The result always tells you which method was used and at what confidence level:
result = check_equiv(f, g)
result.equivalent # True / False / None
# True — *proven* by Z3 or reflexivity
# False — concrete counterexample found
# None — no proof AND no counterexample;
# testing-based checks always end here
# (see note below)
result.method # 'z3', 'testing', 'spec', 'spec+z3', 'inconclusive'
result.confidence # 1.0 for z3/refl; <1 for testing-based evidence
result.counterexample # dict of {param: value} when inequivalent
result.likely_equivalent # True iff proven OR testing confidence >= 0.9
# — use this for candidate ranking,
# never for soundness gates
None, not True.
Testing samples inputs — 1000, 10000, however many — and checks
that the two functions agree on each. Even agreement on every
trial does not prove the functions are equal; the
(N+1)-th input might disagree. So
_testing_check_equiv returns
equivalent=None with a confidence score
computed from the number of trials.
equivalent is True is reserved for real proofs (Z3
unsat, or reflexivity). Use likely_equivalent when
you want "this is probably equivalent" for ranking; use
equivalent is True when you need soundness.
verify_composition follows the same rule.
The testing-only path returns verified=False now
(the old behaviour of verified = (checked > 0) was
wrong for the same reason above). To obtain
verified=True the caller must supply a spec the Z3
path can discharge.
@guarantee string — or two
guarantees that Z3 proves logically equivalent —
check_equiv returns equivalent=None with a
spec_info payload. Two functions can satisfy
"result >= 0" while computing entirely different
non-negative values; a matching spec is necessary but not
sufficient for code equivalence.
Tier 1: Fully Automatic, Annotation-Free
🟢 Zero annotations needed — just pass two functions
For functions over int, float, and bool
that use arithmetic, comparisons, branching, abs/min/max,
and simple assignments, Deppy handles everything automatically via Z3.
You write no decorators, no specs, no proof terms.
Example 1: Algebraic identity
def square_diff(a: int, b: int) -> int:
return (a + b) * (a - b)
def explicit_diff(a: int, b: int) -> int:
return a * a - b * b
result = check_equiv(square_diff, explicit_diff)

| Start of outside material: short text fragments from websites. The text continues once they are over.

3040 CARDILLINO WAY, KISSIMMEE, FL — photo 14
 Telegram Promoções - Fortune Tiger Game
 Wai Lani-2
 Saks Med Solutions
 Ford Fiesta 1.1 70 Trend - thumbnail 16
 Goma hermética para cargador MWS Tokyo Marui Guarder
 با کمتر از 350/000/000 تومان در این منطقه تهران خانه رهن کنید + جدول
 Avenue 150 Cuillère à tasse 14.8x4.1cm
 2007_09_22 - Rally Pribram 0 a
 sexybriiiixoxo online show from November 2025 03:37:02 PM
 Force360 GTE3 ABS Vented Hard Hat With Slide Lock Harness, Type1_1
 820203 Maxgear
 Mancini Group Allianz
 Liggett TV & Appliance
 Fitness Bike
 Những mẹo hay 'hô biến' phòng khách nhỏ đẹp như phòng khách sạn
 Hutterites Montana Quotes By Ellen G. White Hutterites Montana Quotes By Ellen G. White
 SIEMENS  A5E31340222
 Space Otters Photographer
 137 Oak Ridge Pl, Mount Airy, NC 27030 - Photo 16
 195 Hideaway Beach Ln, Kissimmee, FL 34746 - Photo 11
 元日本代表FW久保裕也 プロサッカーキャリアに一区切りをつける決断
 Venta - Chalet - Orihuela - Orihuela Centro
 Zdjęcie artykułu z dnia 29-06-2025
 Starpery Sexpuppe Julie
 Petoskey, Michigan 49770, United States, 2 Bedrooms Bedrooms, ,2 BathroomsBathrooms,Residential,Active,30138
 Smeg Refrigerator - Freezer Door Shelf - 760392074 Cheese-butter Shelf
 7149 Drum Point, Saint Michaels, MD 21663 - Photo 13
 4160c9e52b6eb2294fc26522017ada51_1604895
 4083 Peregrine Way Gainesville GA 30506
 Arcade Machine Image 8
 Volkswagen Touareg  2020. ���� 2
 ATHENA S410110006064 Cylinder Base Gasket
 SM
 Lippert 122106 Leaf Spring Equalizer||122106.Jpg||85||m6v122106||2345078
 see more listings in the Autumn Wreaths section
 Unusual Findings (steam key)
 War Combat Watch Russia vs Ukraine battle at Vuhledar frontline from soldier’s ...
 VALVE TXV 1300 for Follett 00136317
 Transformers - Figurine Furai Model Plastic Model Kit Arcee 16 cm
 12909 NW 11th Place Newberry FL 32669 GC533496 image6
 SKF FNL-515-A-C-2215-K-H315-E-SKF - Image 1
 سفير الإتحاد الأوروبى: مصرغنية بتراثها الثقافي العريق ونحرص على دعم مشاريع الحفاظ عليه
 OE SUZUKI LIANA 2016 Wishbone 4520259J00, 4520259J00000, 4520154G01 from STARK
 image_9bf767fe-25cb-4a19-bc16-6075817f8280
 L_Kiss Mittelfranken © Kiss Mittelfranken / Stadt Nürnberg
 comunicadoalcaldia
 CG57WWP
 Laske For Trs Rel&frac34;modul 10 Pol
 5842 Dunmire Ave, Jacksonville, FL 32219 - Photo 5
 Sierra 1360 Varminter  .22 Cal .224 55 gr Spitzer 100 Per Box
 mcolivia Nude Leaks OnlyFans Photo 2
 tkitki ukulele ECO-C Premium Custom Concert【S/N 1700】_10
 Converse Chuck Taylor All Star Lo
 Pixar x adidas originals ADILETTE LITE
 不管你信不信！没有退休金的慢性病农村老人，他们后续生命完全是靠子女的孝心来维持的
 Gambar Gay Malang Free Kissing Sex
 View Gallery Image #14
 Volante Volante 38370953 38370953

# EquivResult(EQUIVALENT, method='z3') ✓
Z3 proves (a+b)·(a−b) = a²−b² for all integers.
No annotations needed.
Example 2: Branching refactors
def clamp_v1(x: int) -> int:
if x < 0:
return 0
if x > 100:
return 100
return x
def clamp_v2(x: int) -> int:
return max(0, min(x, 100))
result = check_equiv(clamp_v1, clamp_v2)
# EquivResult(EQUIVALENT, method='z3') ✓
The if-chain and the max/min expression are compiled to
nested z3.If trees. Z3 proves they produce the same value for every
integer x.
Example 3: Detecting a bug — counterexample
def safe_div(a: int, b: int) -> int:
if b == 0:
return 0
return a // b
def unsafe_div(a: int, b: int) -> int:
return a // b if b != 0 else a # bug: returns a, not 0
result = check_equiv(safe_div, unsafe_div)
print(result)
# EquivResult(INEQUIVALENT, method='z3',
# counterexample={'a': 1, 'b': 0})
Z3 found that when b=0, safe_div returns 0
but unsafe_div returns a. The counterexample is concrete —
you can replay it yourself.
Example 4: Conditional assignment patterns
def relu_v1(x: int) -> int:
if x < 0:
x = 0
return x
def relu_v2(x: int) -> int:
return x if x >= 0 else 0
result = check_equiv(relu_v1, relu_v2)
# EquivResult(EQUIVALENT, method='z3') ✓
The "mutating if" pattern (if x < 0: x = 0 with no return and
no else) is compiled to x = z3.If(x < 0, 0, x) — a conditional
assignment. Deppy recognizes this Pythonic pattern automatically.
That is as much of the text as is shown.